Millimeter-wave Transceiver ICs for Ultrahigh Data Rate Communications Using Advanced III-V and Silicon Technologies

Doktorsavhandling, 2018

Today’s main driving parameter for radio transceiver research is the ability to provide high capacity while maintaining low cost, small form factor, and low power consumption. Direct conversion architectures (due to the feasibility of monolithic integration) at millimeter-wave (due to wideband availability) have attracted large interest in recent years because of their potential to meet these demands. The communication system operating at frequencies above 100 GHz enabling 10-100 Gbit/s wireless communication in various applications ranging from personal area networks for portable electronic devices, 4G and 5G mobile communication infrastructure, high data rate backhaul, real-time transmission of high-definition videos, short range chip to chip communication (wireless in a box), long-range high-speed communication (using phased arrays), and >40 Gbit/s transmission over dielectric waveguide is of interest in this thesis. However, it is a challenge to design and implement millimeter-wave transceivers that can utilize such wideband effectively for the high data transmission.
This thesis addresses the design challenges and implementation at the individual circuit building blocks of the RF front-end as well as system level considerations for the realization of a fully integrated monolithic microwave integrated (MMICs) transmitter (TX) and receiver (RX) circuits at 110-170 GHz (D-band) in III-V 250 nm indium phosphide double heterojunction bipolar transistor (InP DHBT) and commercial 130 nm SiGe BiCMOS technologies.
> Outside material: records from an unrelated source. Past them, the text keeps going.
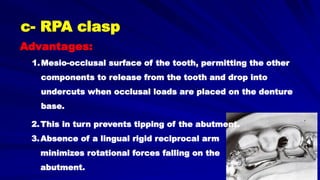 1.Mesio-occlusal surface of the tooth, permitting the other
components to release from the tooth and drop into
undercuts when occlusal loads are placed on the denture
base.
Advantages:
c- RPA clasp
2.This in turn prevents tipping of the abutment.
3.Absence of a lingual rigid reciprocal arm
minimizes rotational forces falling on the
abutment.
 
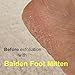 Baiden Foot Mitt, Super Effective Hard, Rough, Cracked Skin, Callus Remover For Soft, Beautiful Feet Every Day. More Flexible Than Microplane, More Durable Than Pumice Stone Fast, Easy Tool (1pack)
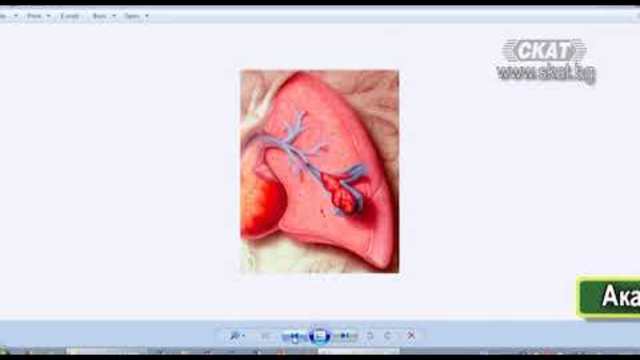 Белодробна емболия - причини, клиника, профилактика и лечение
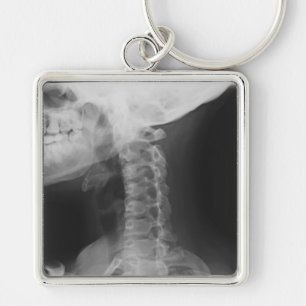 Chaveiro 2 radiografados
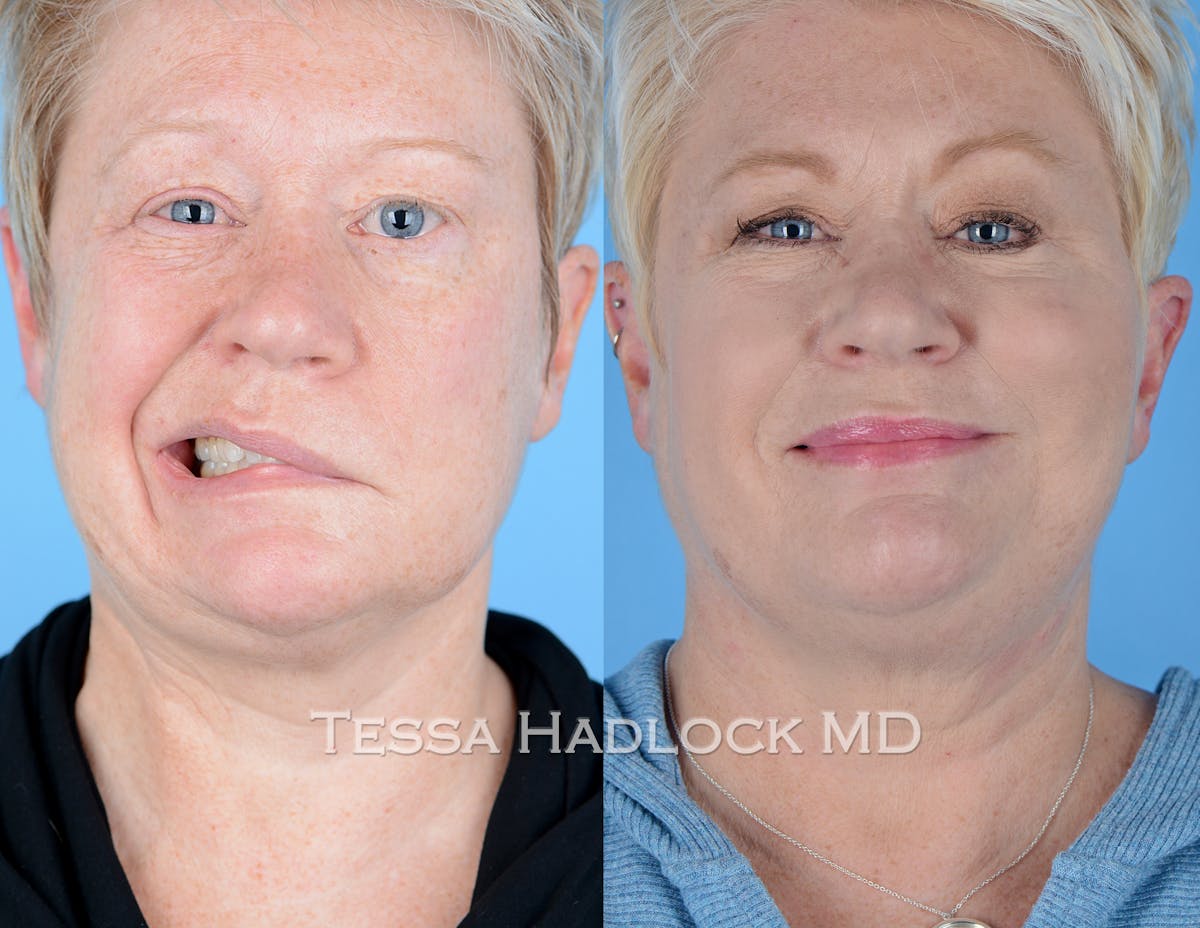 before/after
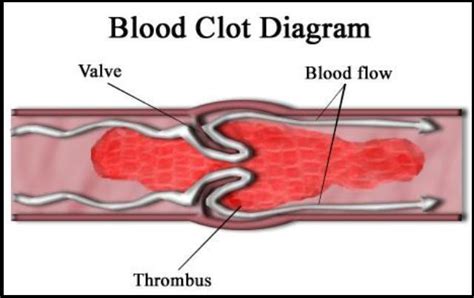 What causes blood clots? – What causes this?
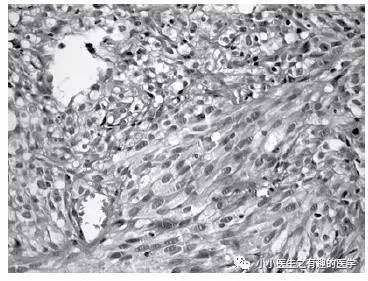 肺动脉充盈缺损不一定是血栓—学习被老外误诊误治的肺栓塞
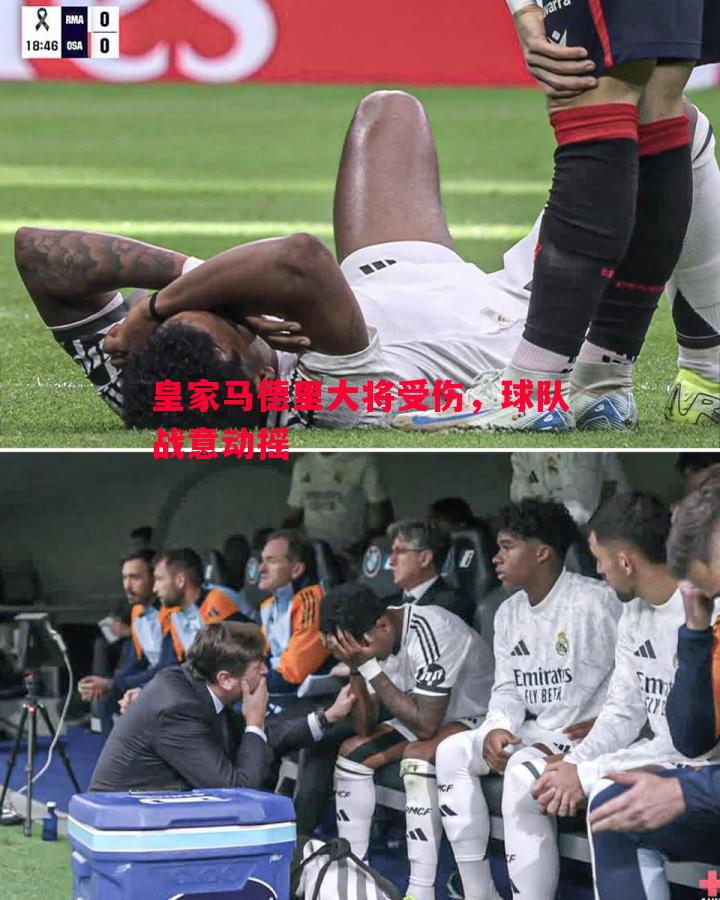 皇家马德里大将受伤,球队战意动摇 皇家马德里大将受伤,球队战意动摇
The research described in this thesis is focused on the design and characterization of a direct conversion in-phase/quadrature-phase (I/Q) modulator and demodulator, frequency multiplier circuits and integration of fully integrated transceiver chipsets demonstrating the highest RF and IF bandwidths at this frequency to date. The TX/RX chipset consists of an X3 LO frequency multiplier integrated with an I/Q modulator/demodulator and a low-noise amplifier (LNA)/power amplifier (PA). This integration allows us to design the oscillator at one third of the fundamental D-band LO frequency. The chosen design simplifies the packaging of the TX/RX chips and hence reduces the cost and power consumption. A 110–170 GHz RF amplifier is used to improve the noise figure of the RX chip and to increase the gain and transmitted power for the TX chip.
The chipset is multifunctional and can be used in both homodyne and heterodyne architectures supporting high data rate transmission using wide modulation bandwidth and spectral-efficient modulation formats. For QPSK and 64 QAM modulation schemes, the measured data-rates using this chipset are 48 Gbit/s in homodyne mode and 18 Gbit/s in heterodyne mode, respectively. At the time of writing this thesis, this is the highest data-rate reported in the literature for fully integrated wireless systems in the D-band.
The main interest of the work is in real time wireless data traffic transmission on designed TX/RX chipsets. Therefore, the TX/RX front-end circuitry is mounted in compact split-block waveguide modules in a collaborative teamwork. The D-band TX/RX front-end modules were integrated into radio units demonstrating successfully a real time error-free wireless data transmission with 5.3 Gbit/s using 64 QAM modulation over a 1 GHz channel with spectrum efficiency of 5 bit/s/Hz. The work from this thesis demonstrates the world’s first fully functional spectrum efficient link at frequencies greater than 100 GHz.